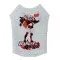 Майка для собак WAUDOG Clothes малюнок "Харлі Квінн", S40, B 50-56 см, С 29-34 см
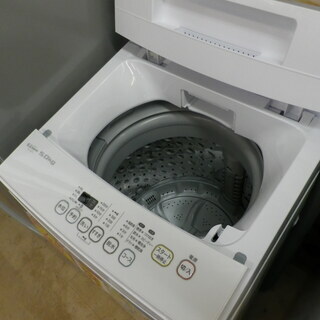 【6ヶ月保証付】参考定価 ¥29,800 2017年製 S.K.JAPAN エスケージャパン 5.0kg 洗濯機 SW-M50A ステンレス槽 風乾燥付きの画像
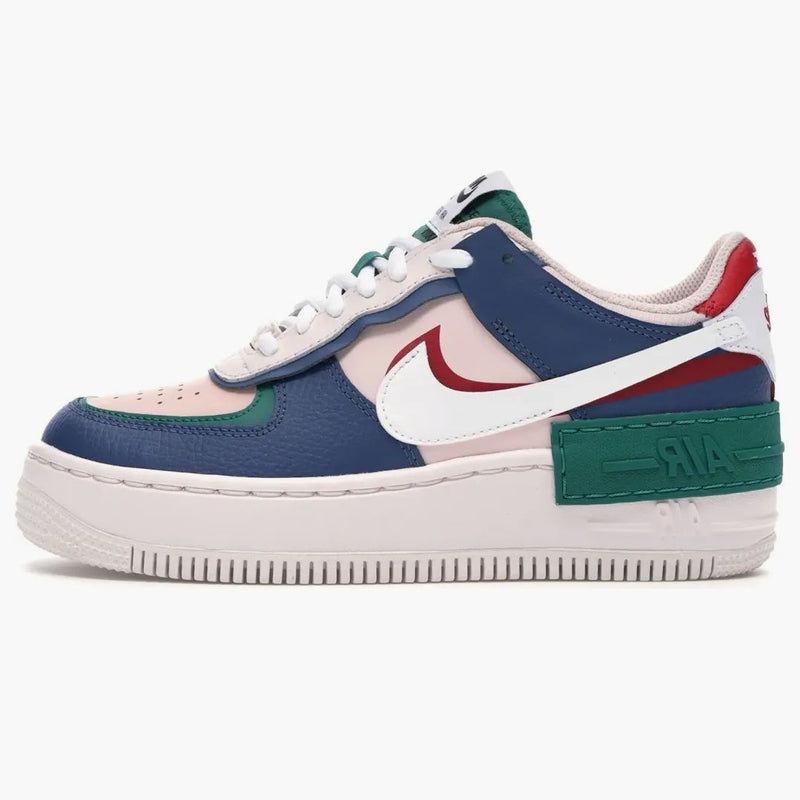 Nike Air Force 1 Low Shadow Mystic Navy (women's)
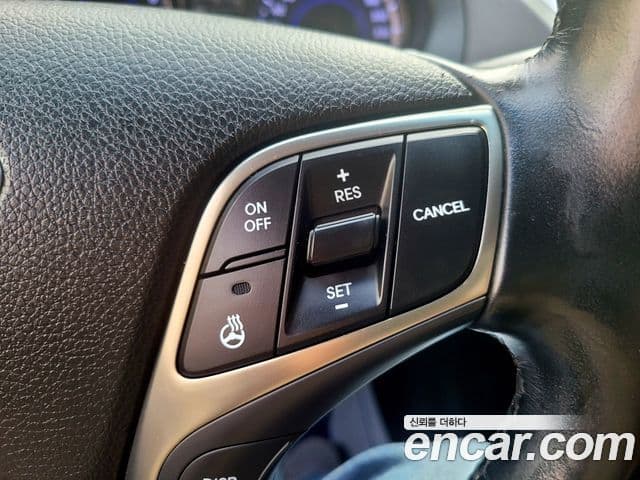 Hyundai Grandeur HG Premium, 2014 16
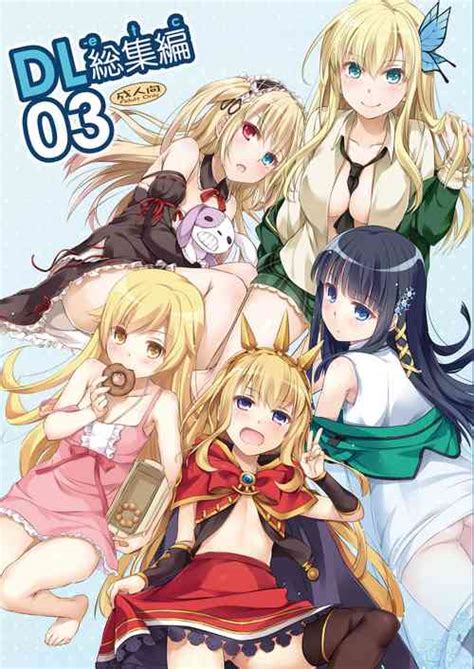 Character Cagliostro Nhentai Hentai Doujinshi And Manga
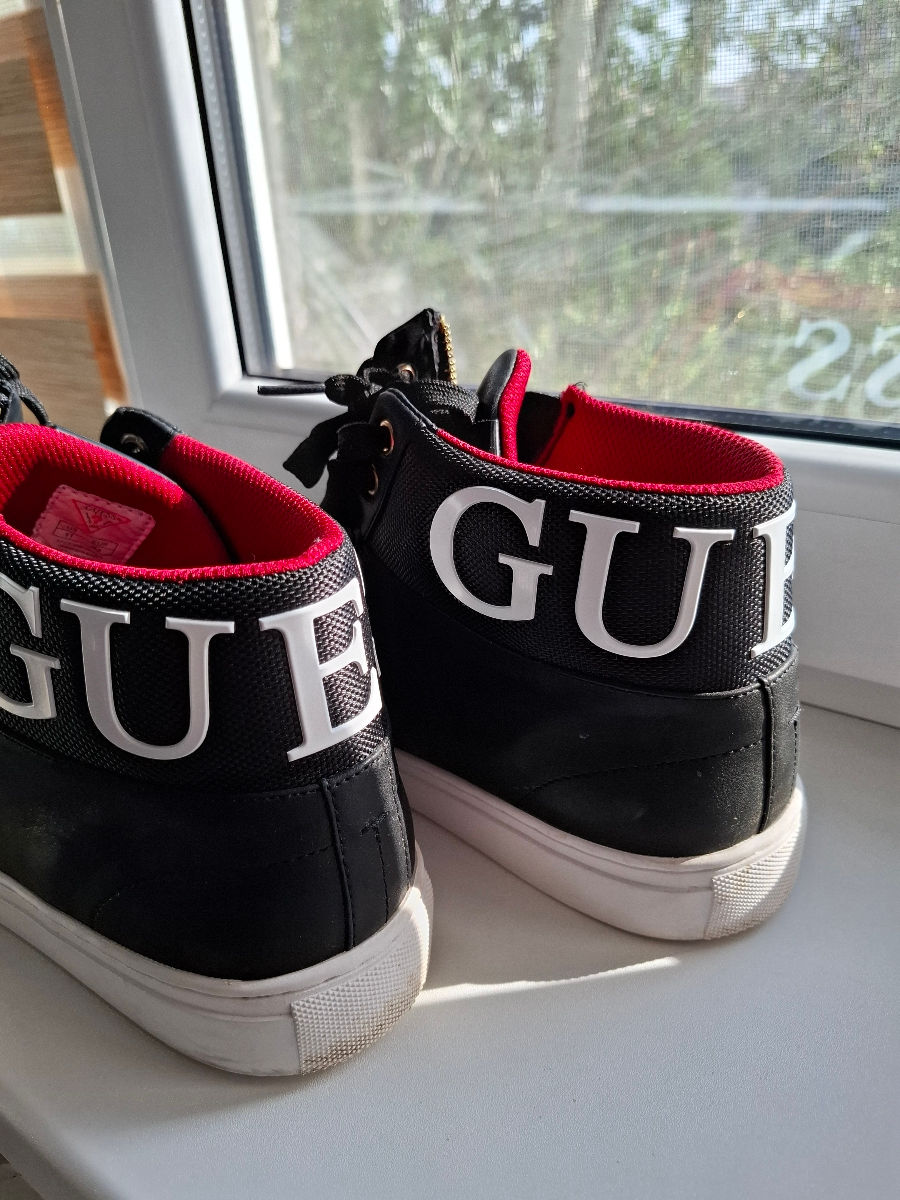 Guess adidasi фото 8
------------
Task item: Your copy should consist only of the lines from the one containing "Nike Air Force" through the last line of the entries above, reproduced exactly, without pictures.

Finished task:
 Nike Air Force 1 Low Shadow Mystic Navy (women's)
 Hyundai Grandeur HG Premium, 2014 16
 Character Cagliostro Nhentai Hentai Doujinshi And Manga
 Guess adidasi фото 8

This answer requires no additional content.